For the avoidance of doubt, the UK Target Market Assessment does not
constitute: (a) an assessment of suitability or appropriateness for the
purposes of Chapters 9A or 10A, respectively, of the FCA Handbook Conduct of
Business Sourcebook; or (b) a recommendation to any investor or group of
investors to invest in, or purchase or take any other action whatsoever with
respect to the Placing Shares. Each distributor is responsible for undertaking
its own target market assessment in respect of the Placing Shares and
determining appropriate distribution channels.

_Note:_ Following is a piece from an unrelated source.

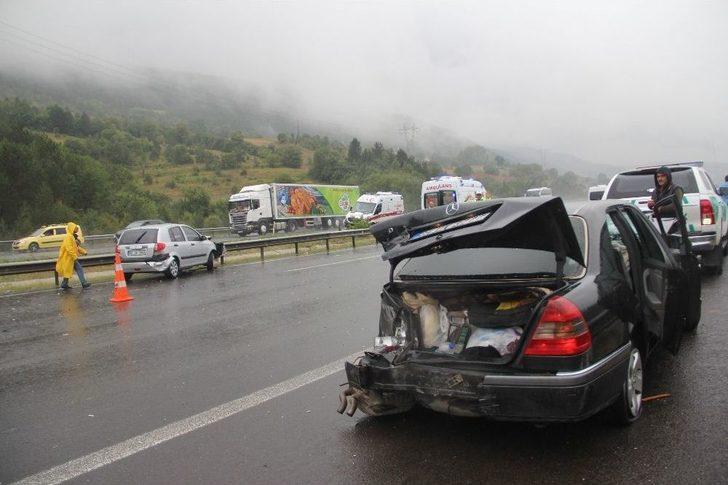 Tem Otoyolunda Zincirleme Kaza: 7 Yaralı G2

EU Product Governance Requirements
Solely for the purposes of the product governance requirements contained
within: (a) EU Directive 2014/65/EU on markets in financial instruments, as
amended ("MiFID II"); (b) Articles 9 and 10 of Commission Delegated Directive
(EU) 2017/593 supplementing MiFID II; and (c) local implementing measures
(together, the "MiFID II Product Governance Requirements") and/or any
equivalent requirements elsewhere to the extent determined to be applicable,
and disclaiming all and any liability, whether arising in tort, contract or
otherwise, which any "manufacturer" (for the purposes of the MiFID II Product
Governance Requirements and/or any equivalent requirements elsewhere to the
extent determined to be applicable) may otherwise have with respect thereto,
the Placing Shares have been subject to a product approval process, which has
determined that the Placing Shares are: (i) compatible with an end target
market of retail investors and investors who meet the criteria of professional
clients and eligible counterparties, each as defined in MiFID II; and (ii)

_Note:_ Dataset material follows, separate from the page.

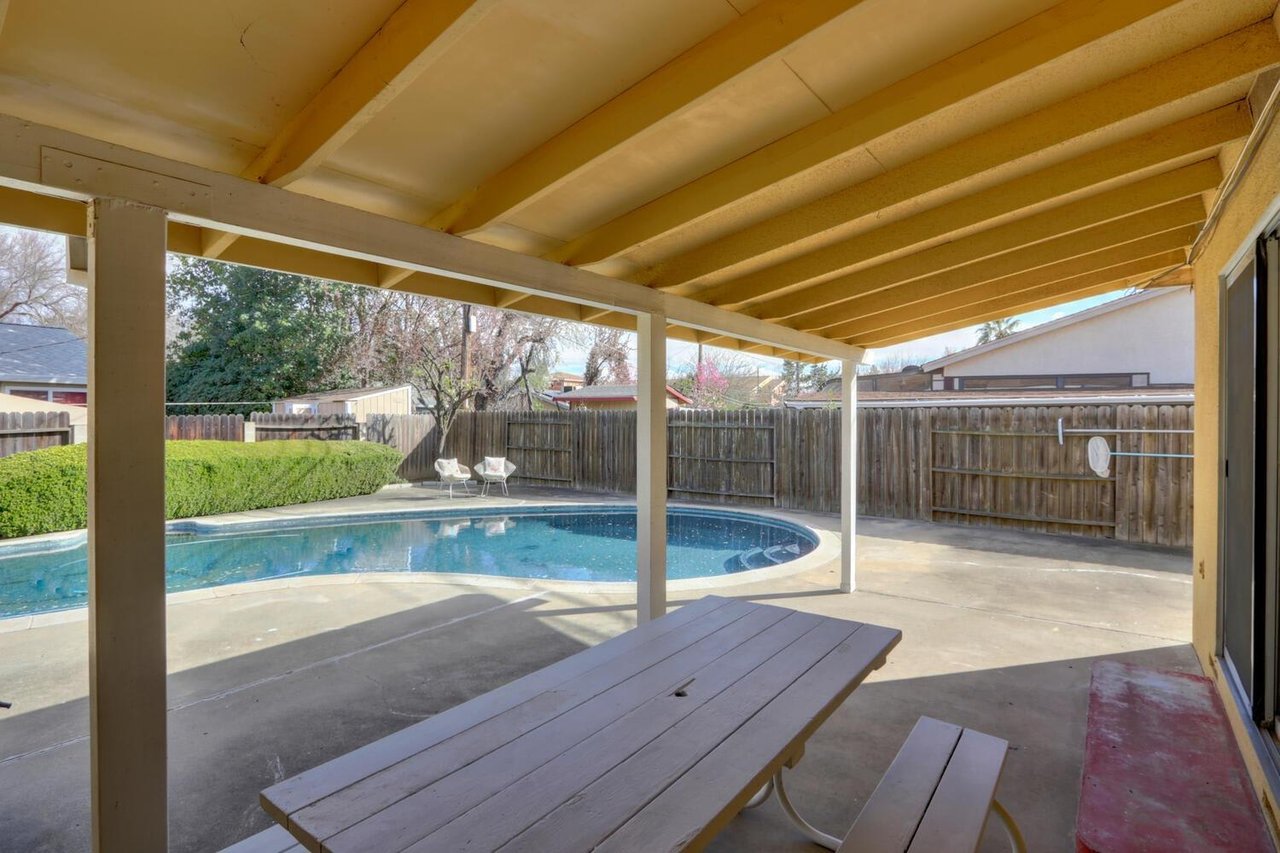 2448 Northview Dr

eligible for distribution through all distribution channels as are permitted
by MiFID II (the "EU Target Market Assessment"). Notwithstanding the EU Target
Market Assessment, distributors should note that: the price of the Placing
Shares may decline and investors could lose all or part of their investment;
the Placing Shares offer no guaranteed income and no capital protection; and
an investment in the Placing Shares is compatible only with investors who do
not need a guaranteed income or capital protection, who (either alone or in
conjunction with an appropriate financial or other adviser) are capable of
evaluating the merits and risks of such an investment and who have sufficient
resources to be able to bear any losses that may result therefrom. The EU
Target Market Assessment is without prejudice to the requirements of any
contractual, legal or regulatory selling restrictions in relation to the
Placing. Furthermore, it is noted that, notwithstanding the EU Target Market
Assessment, the Joint Bookrunners will only procure investors who meet the
criteria of professional clients and eligible counterparties.

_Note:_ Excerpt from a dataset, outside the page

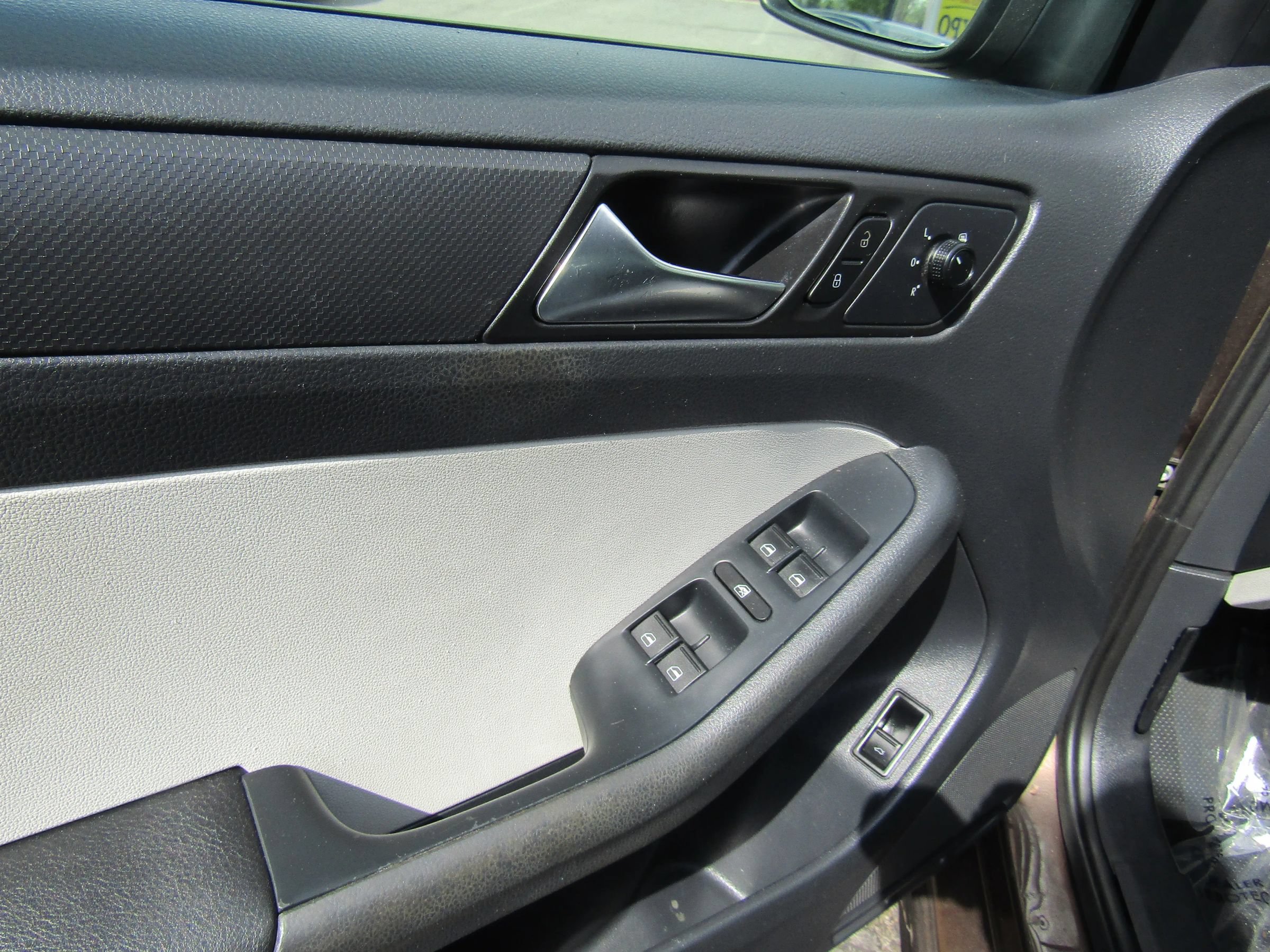 Used 2015 Volkswagen Jetta S FWD image 18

For the avoidance of doubt, the EU Target Market Assessment does not
constitute: (a) an assessment of suitability or appropriateness for the
purposes of MiFID II; or (b) a recommendation to any investor or group of
investors to invest in, or purchase, or take any other action whatsoever with
respect to the Placing Shares. Each distributor is responsible for undertaking
its own target market assessment in respect of the Placing Shares and
determining appropriate distribution channels.